Goal of the exercise :: Leaving out the pictures, please reproduce exactly and only the lines from the one that contains "Suriyeli Umran ağır yaralı" through the last line below.
____________________
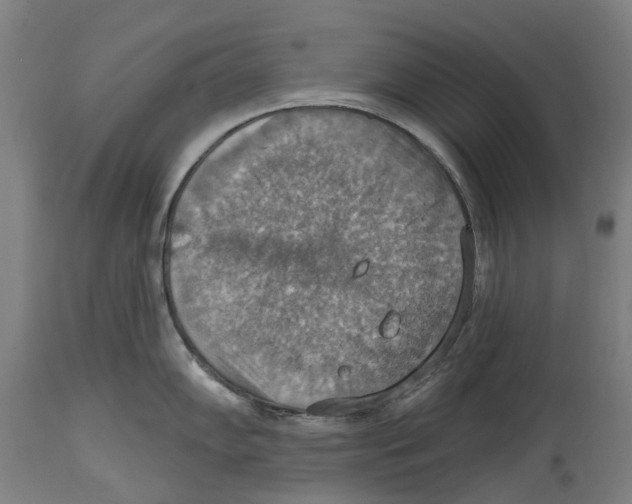 X0000114421102200911131445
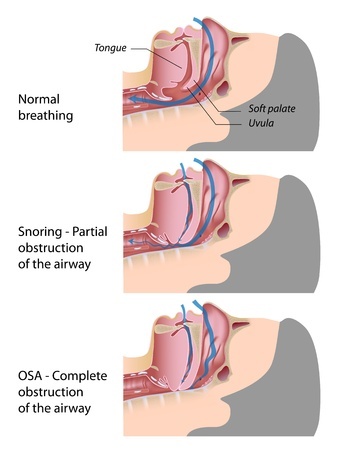 sleep apnea and diet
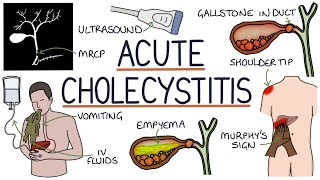 Understanding Acute Cholecystitis [upl. by Enelrak954]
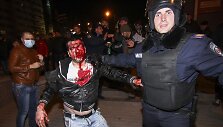 Doneceke sužeistas protestuotojas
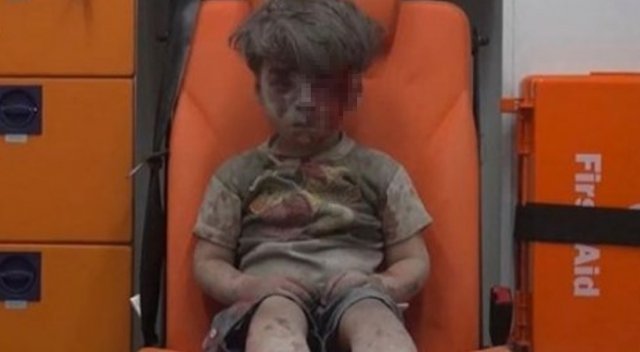Suriyeli Umran ağır yaralı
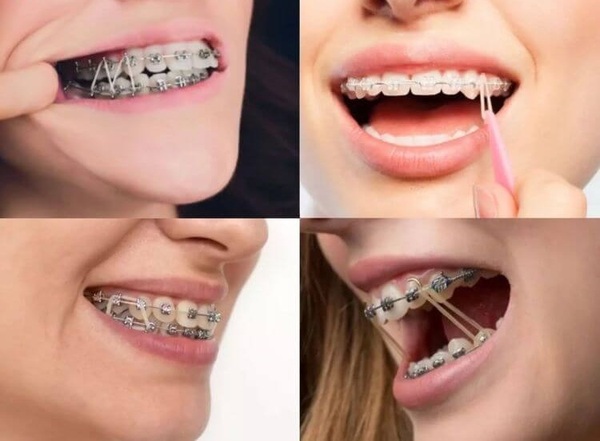 Có 3 loại dây thun liên hàm được sử dụng phổ biến Có 3 loại dây thun liên hàm được sử dụng phổ biến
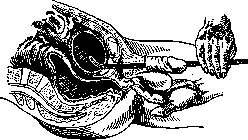 Bougienage: figure 3 from the 1928–1936 encyclopedia article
____________________
Solution to this task ::
Suriyeli Umran ağır yaralı
 Có 3 loại dây thun liên hàm được sử dụng phổ biến Có 3 loại dây thun liên hàm được sử dụng phổ biến
 Bougienage: figure 3 from the 1928–1936 encyclopedia article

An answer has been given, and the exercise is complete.